As the clock ticked down to the final three and a half minutes of the game, Penn State found itself in an eerily similar situation to the one it faced in Week 3 against Pitt. Michigan had the ball at the 7-yard line and with four chances to tie the game.
In the Nittany Lion huddle, nothing was said.
“We don’t need to say anything, everyone knows what’s at stake,” Taylor said. “We can just look each other in the eyes and kinda tell, ‘Here we go, we need to come through in this situation.’ When we lock eyes with each other, we see that confidence. No one’s playing scared. Everyone wants to be put in that situation and wants to make plays.”
Back-to-back 2-yard gains put the ball at the 3-yard line.
Then Patterson rolled to his right and couldn’t find anyone open, ultimately floating the ball to the back corner of the end zone, where Jesse Luketa sprinted over to make the recovery and knock the ball to the ground.
“When I came back on the field, I was like, ‘Good s–– dawg, that’s what I’m talking about,’” Micah Parsons said. “That’s my dawg, I’m rooting for him 100 percent. That’s what important –– I know if I miss a play, I got him and other guys to back me up.”

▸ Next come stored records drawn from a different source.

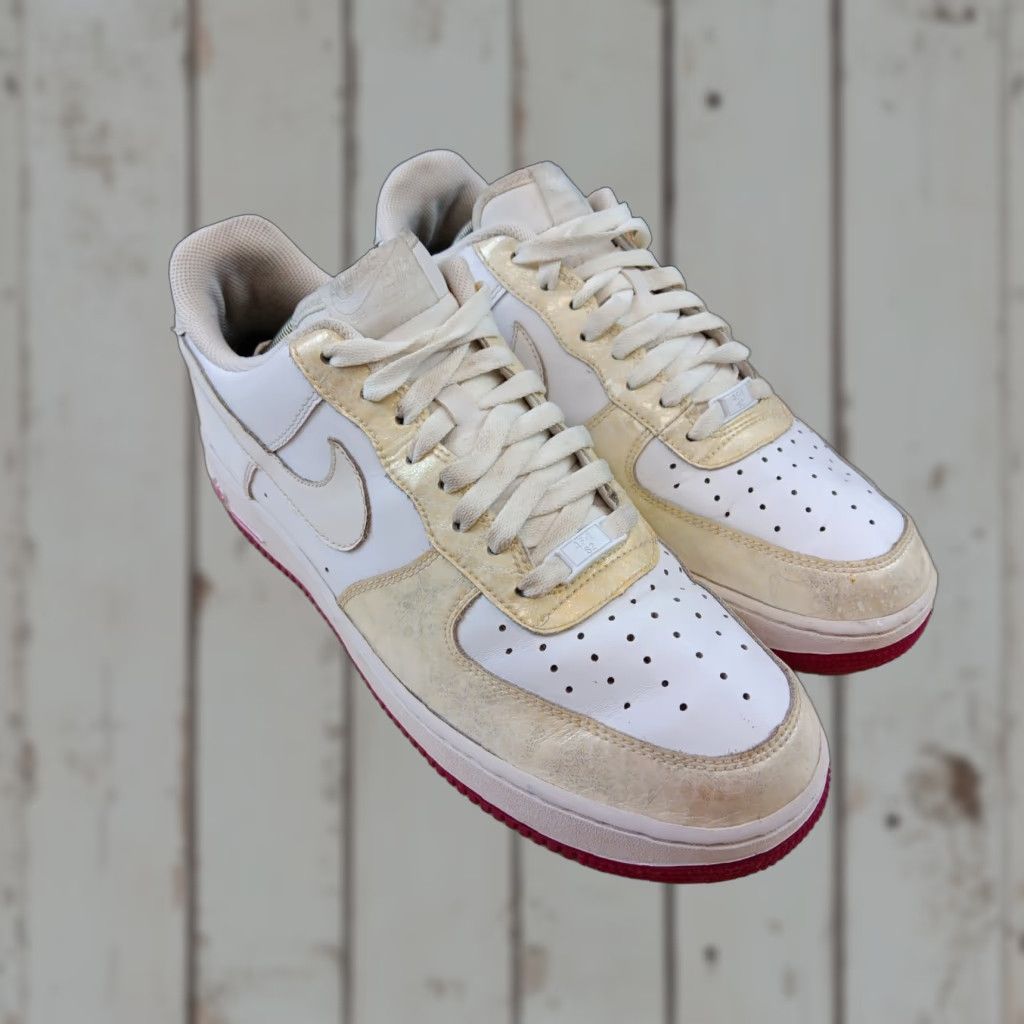 Nike Nike Air Force 1 Low Sneakers Womens Size 12 White Pearl Rave Pink 315115-116 Size US 12 / IT 42 - 1 Thumbnail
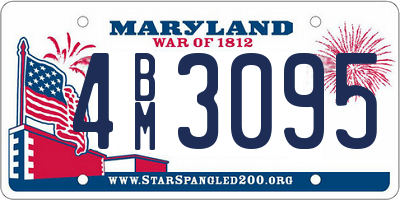 MD license plate 4BM3095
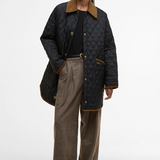 Barbour OS Liddesdale Quilted Jacket - Black/Classic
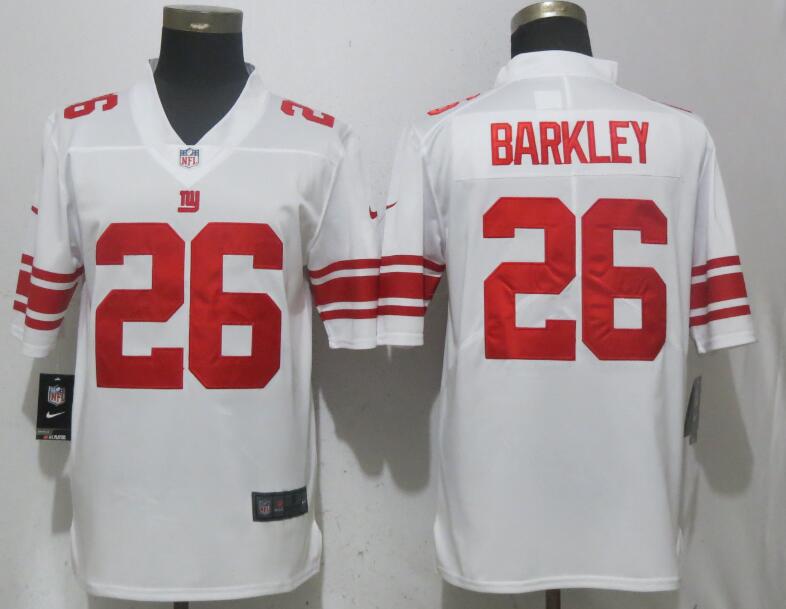 Nike Giants 26 Saquon Barkley White Vapor Untouchable Limited Jersey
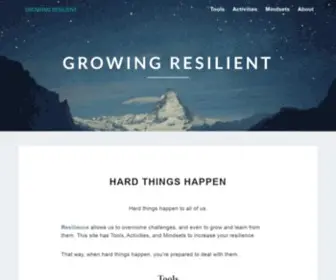 Growingresilient.com(Growing Resilient) Screenshot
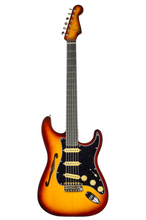 Load image into Gallery viewer, New Fender Limited Edition Suona Stratocaster Thinline Violin Burst w/Matching Headstock #US23064016 (PDX)
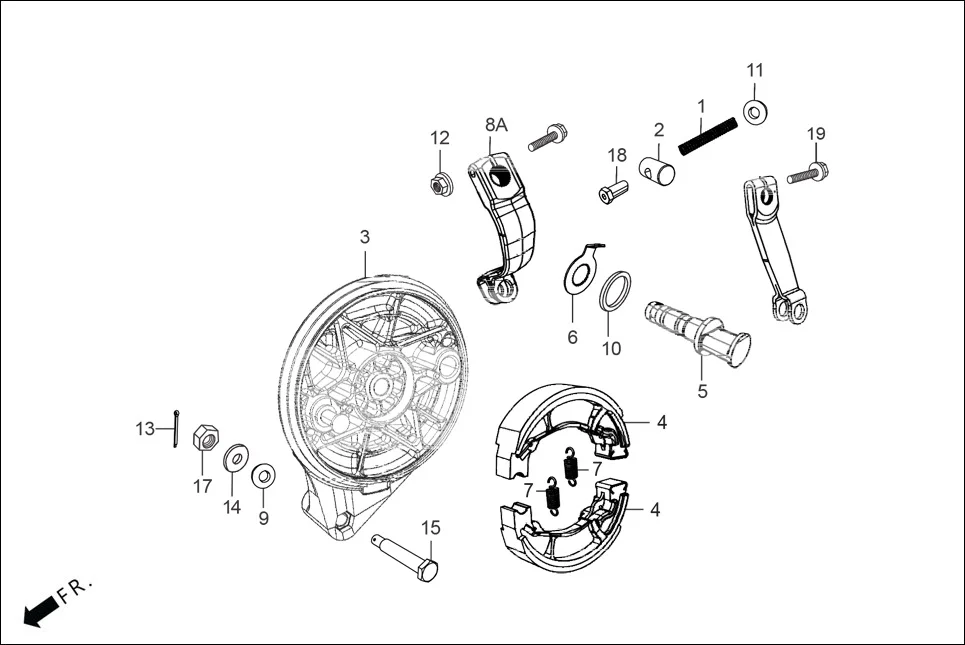 F-10_CBS REAR BRAKE PANEL diagram showing 96001-06025-00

When Parsons did come back onto the field for the crucial fourth down play and the ball was headed toward the arms of Bell, the nerves set in. But soon came relief.
There would be no repeat of last season’s blown 12-point lead in the fourth quarter against Ohio State. The postgame singing of the alma mater featured only jubilation, not despair.
When they left the field, the Nittany Lions were still undefeated.